Fig 7. Mutations in the canonical apoptosis pathway sensitise to 6-OHDA-induced dopaminergic neurodegeneration.

(A) Effect of apoptosis/mtROS pathway mutations on dopaminergic neurodegeneration after treatment with 25 mM 6-OHDA. Error bars = SEM of 3 biological replicates, each with 70–120 animals per strain and concentration. Total number of animals per condition n = 280–320 (****p<0.0001, ***p<0.001, n.s. p>0.05; G-Test). (B) Effect of ced-4, (C) ced-3 (D) ced-13, (E) egl-1 loss-of-function mutations, as well as the (F) ced-9 gain-of-function (gof) mutation on dopaminergic neurodegeneration after treatment with 10 mM 6-OHDA. Error bars = SEM of 2–5 biological replicates, each with 40–115 animals per strain and concentration. Total number of animals per condition n = 150–490 (****p<0.0001, **p<0.01, n.s. p>0.05; G-Test). (G) Simplified scheme of the apoptosis pathway (adapted from [61]).

Fig 8. Mutation of the calcium chaperone crt-1 sensitises to 6-OHDA-induced dopaminergic neurodegeneration.

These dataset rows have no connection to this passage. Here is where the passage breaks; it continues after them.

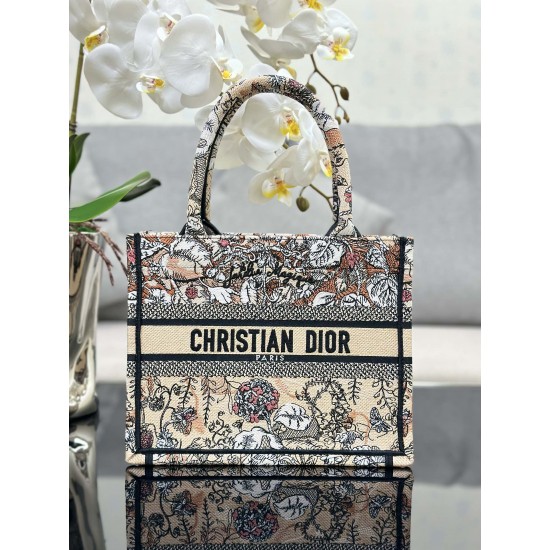Tote book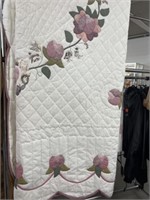 Contemporary Floral Pattern Quilt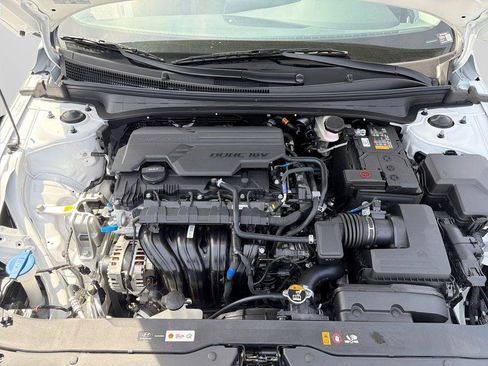 New 2026 Hyundai Elantra SE FWD image 36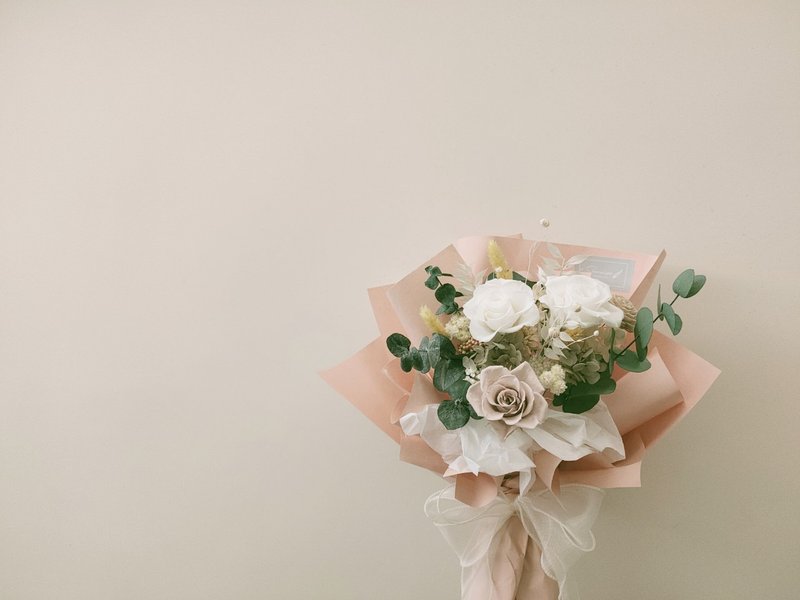 Sheer Whisper 絮语藏花_温柔系奶茶色不凋尤加利花束 - 干燥花/捧花 - 植物．花 粉红色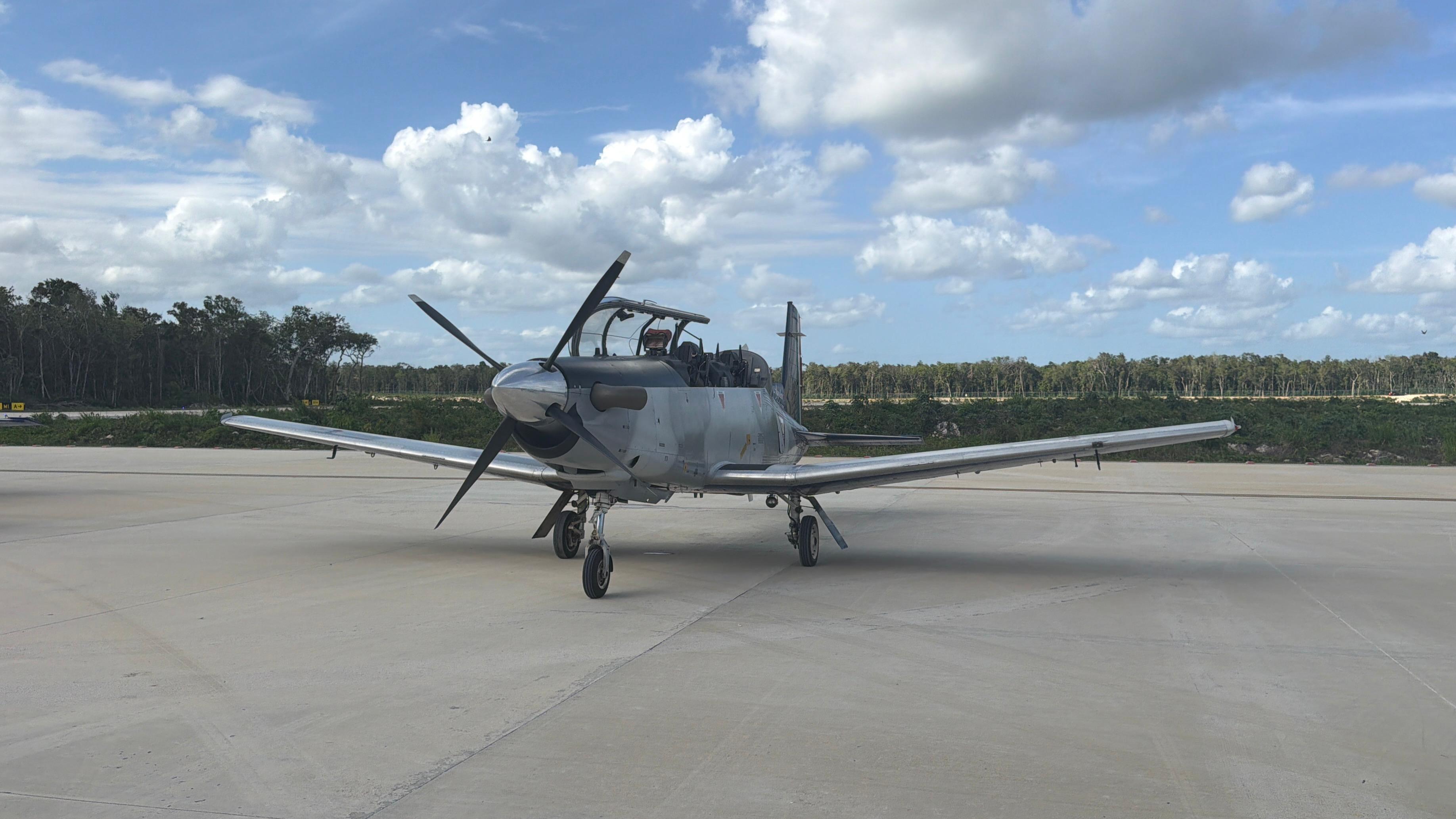 Llegan a Tulum aeronaves que participarán en el Air Show 2026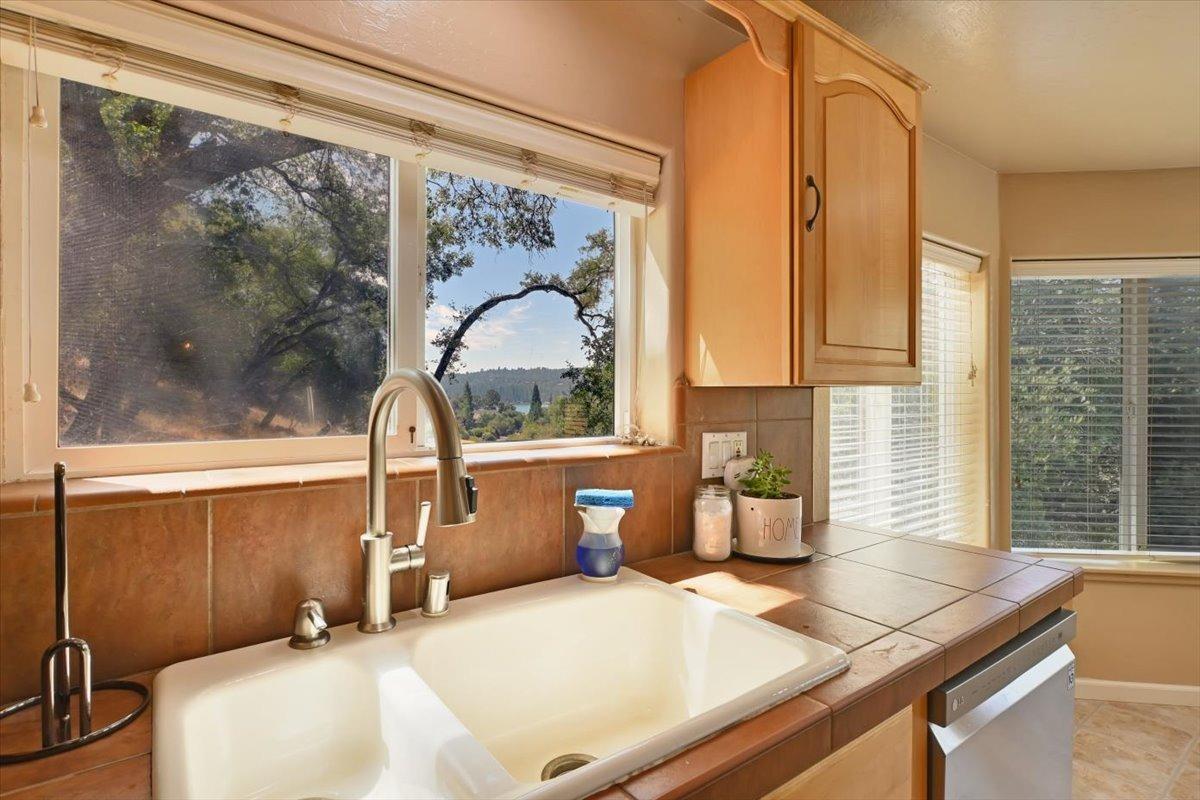 Detail Gallery Image 11 of 32 For 13820 Gold Country Dr, Penn Valley,  CA 95946 - 3 Beds | 2 Baths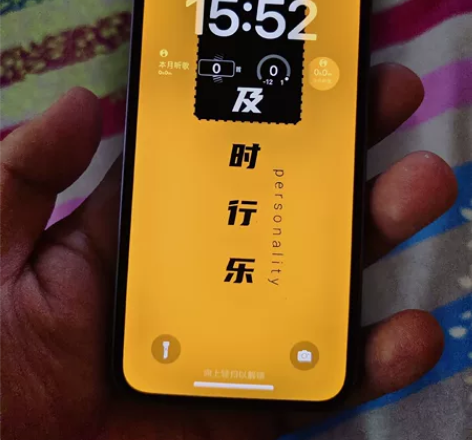 随缘吧,苹果12 屏幕上有2道划痕,贴...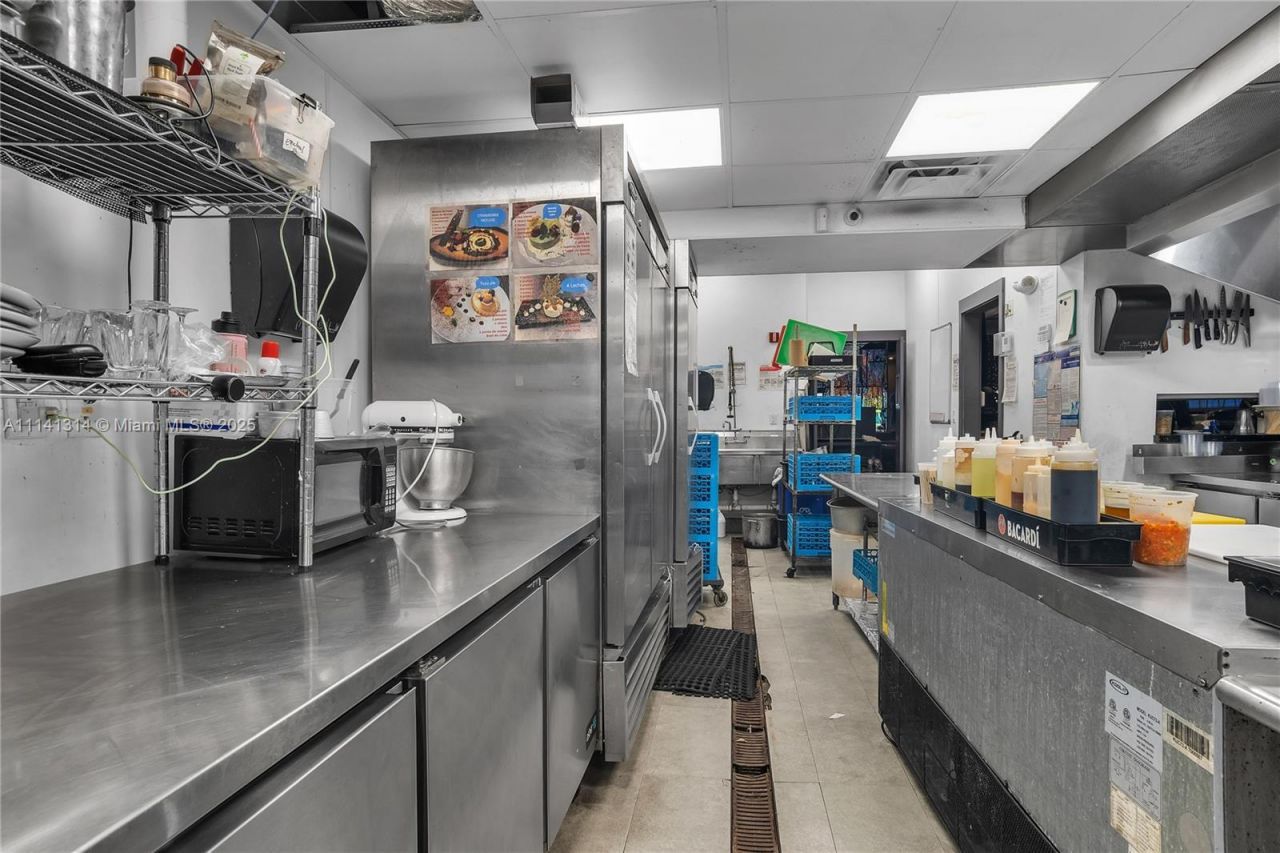 Miracle Mile- Restaurant For Sale, Coral Gables, FL 33134 Photo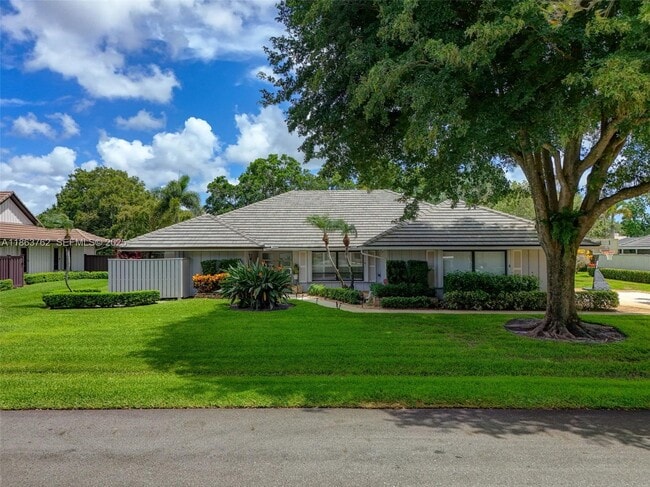 15 Balfour Rd E in Palm Beach Gardens, FL - Building Photo - Building Photo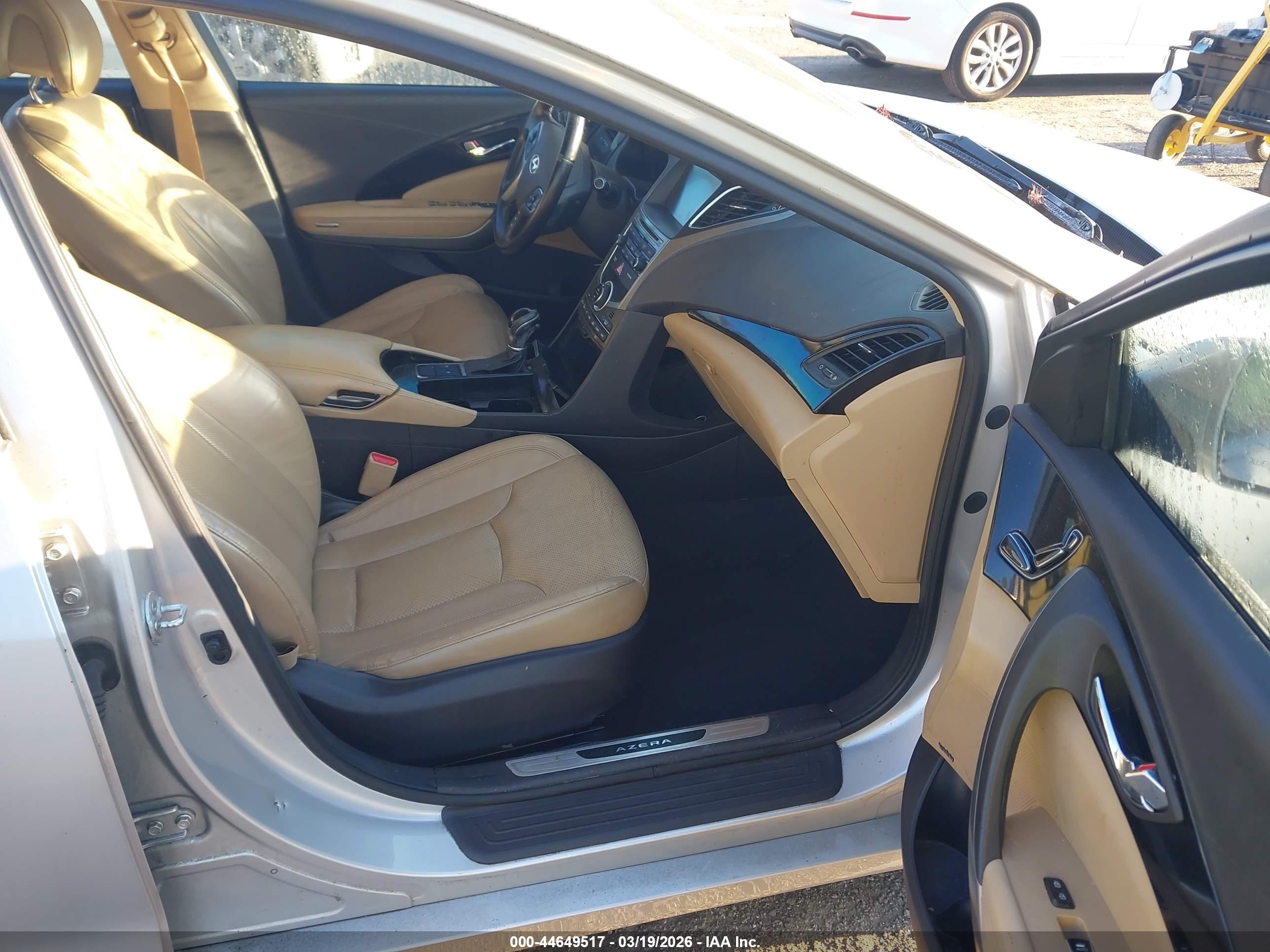 HYUNDAI AZERA image 5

(A) Effect of mutations in crt-1 mutation on dopaminergic neurodegeneration after treatment with 10 mM, (B) 25 mM and (C) 50 mM 6-OHDA. Error bars = SEM of 2–3 biological replicates with 90–130 animals per strain and concentration. Total number of animals per strain = 200–360 (****p<0.0001, *p<0.05; G-Test). (D) crt-1 mRNA level analysis after 1h of 6-OHDA treatment in wild-type and mutant L1 stage larvae. (E) crt-1 mRNA level analysis in mutant L1 stage larvae as compared to wild-type animals under control conditions (treatment with H₂O instead of 6-OHDA). (D) and (E) The data are normalised to the control gene Y45F10D.4. The average and the respective values for 5 biological replicates (biorep a-e) are indicated. Error bars = SEM of 5 biological replicates (n.s. p>0.05; two-tailed t-test).